EXERCISE GOAL:
A stretch of the entries below is to be set down exactly, running from the line with "Other Lexington Sweater" through the line with "2011 Oldsmobile Silhouette", both included, and no other line.

DATA:
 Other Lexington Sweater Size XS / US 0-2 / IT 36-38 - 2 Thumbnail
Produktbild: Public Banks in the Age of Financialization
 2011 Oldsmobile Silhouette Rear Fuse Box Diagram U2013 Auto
==
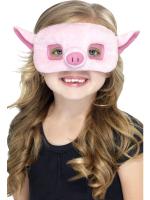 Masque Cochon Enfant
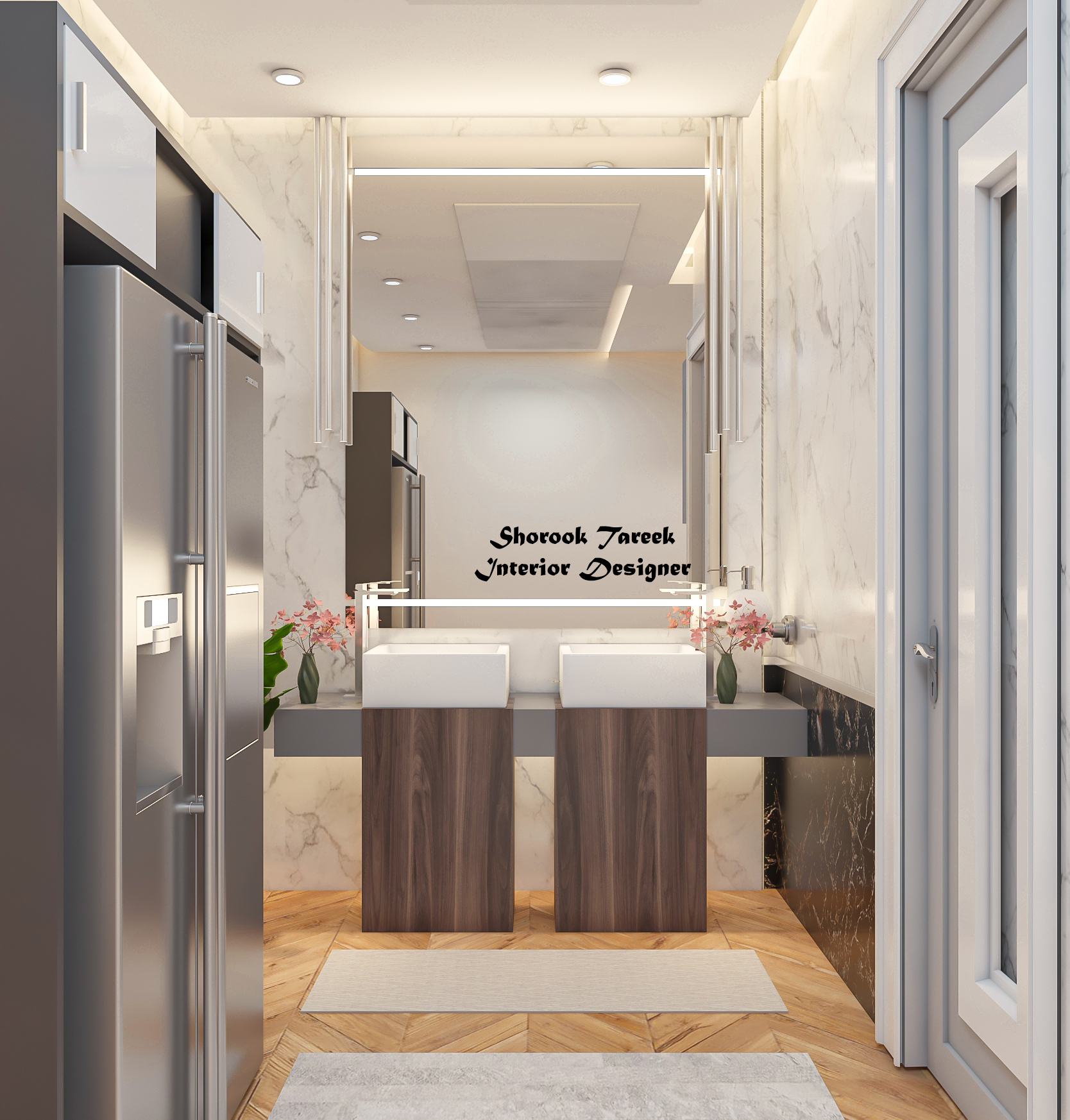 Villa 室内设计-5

EXERCISE SOLUTION:
 Other Lexington Sweater Size XS / US 0-2 / IT 36-38 - 2 Thumbnail
Produktbild: Public Banks in the Age of Financialization
 2011 Oldsmobile Silhouette Rear Fuse Box Diagram U2013 Auto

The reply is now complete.